The full listing, returned exactly and free of pictures, is the expected answer.

==== Dataset content

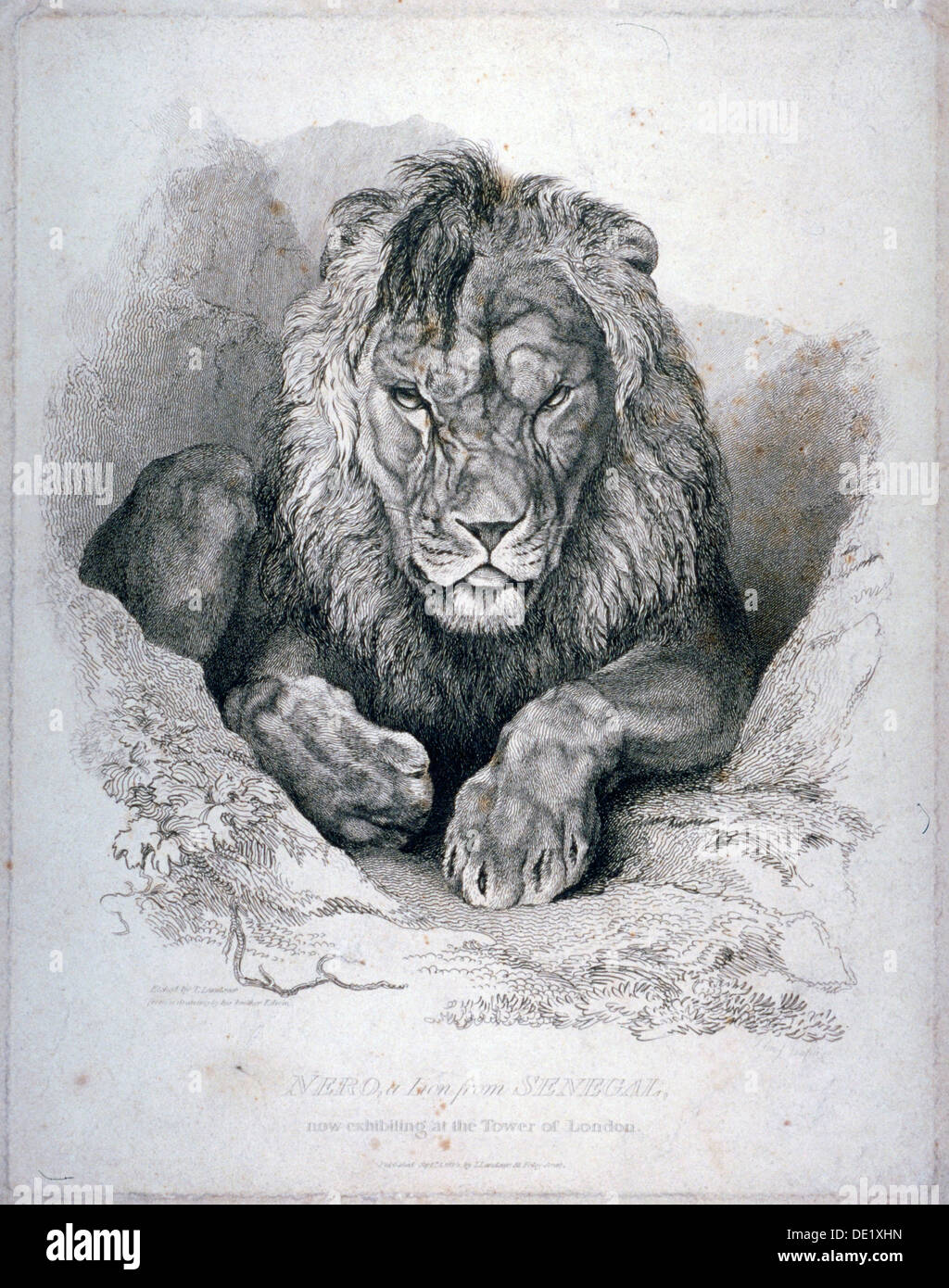 'Nero, un lion du Sénégal, maintenant l'exposition à la Tour de Londres", 1814. Artiste : Edwin Henry Landseer Banque D'Images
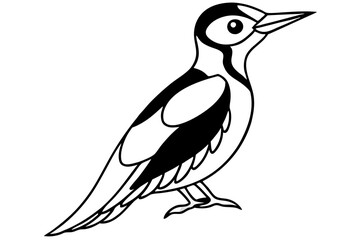Stylized Woodpecker Linework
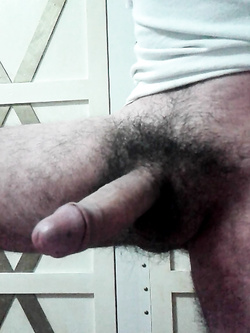 ancora qua con il mio cazzo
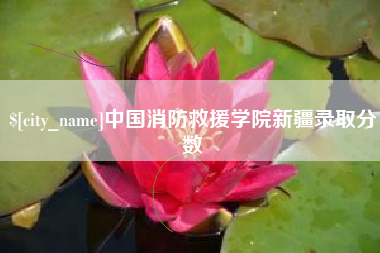 沂南中国消防救援学院新疆录取分数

========

**Finished exercise**
 'Nero, un lion du Sénégal, maintenant l'exposition à la Tour de Londres", 1814. Artiste : Edwin Henry Landseer Banque D'Images
Stylized Woodpecker Linework
 ancora qua con il mio cazzo
 沂南中国消防救援学院新疆录取分数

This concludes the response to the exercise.